> [Dataset content]

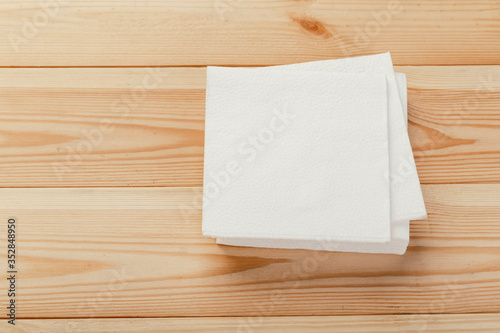 white paper napkin with a textured pattern on an old table
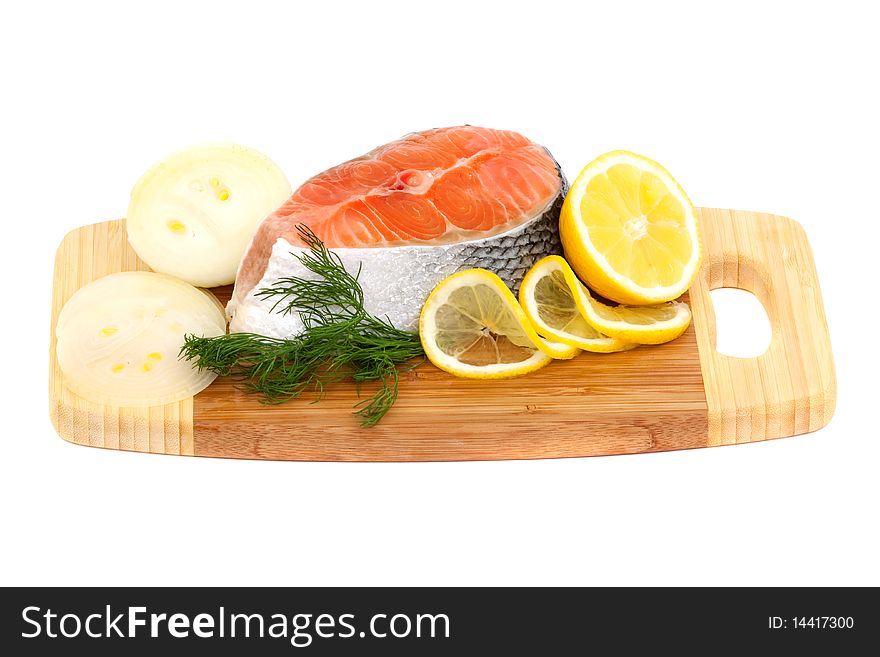 Salmon steak, lemon and onions on a cutting board isolated on white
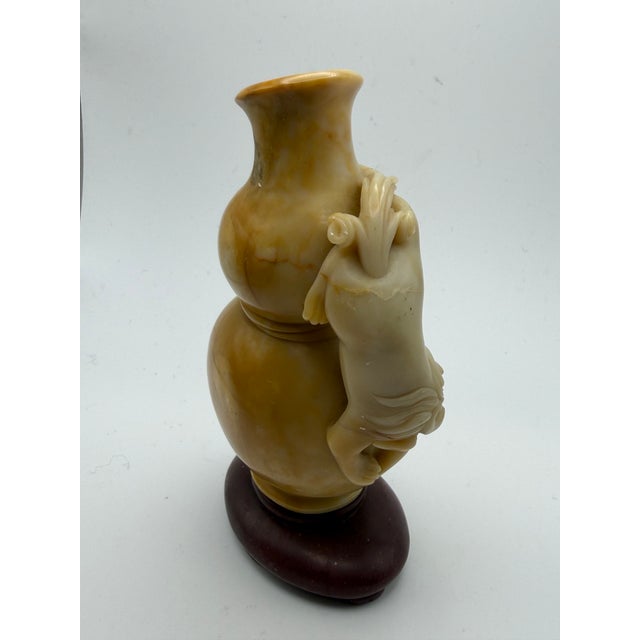 This soapstone carving is a double-gourd forn that symbolizes prosperity and good fortune. Double gourd is a popular art...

> [Task to carry out] Would you transcribe all of the data exactly, apart from its pictures?

> [Reply to the task]
 white paper napkin with a textured pattern on an old table
 Salmon steak, lemon and onions on a cutting board isolated on white
 This soapstone carving is a double-gourd forn that symbolizes prosperity and good fortune. Double gourd is a popular art...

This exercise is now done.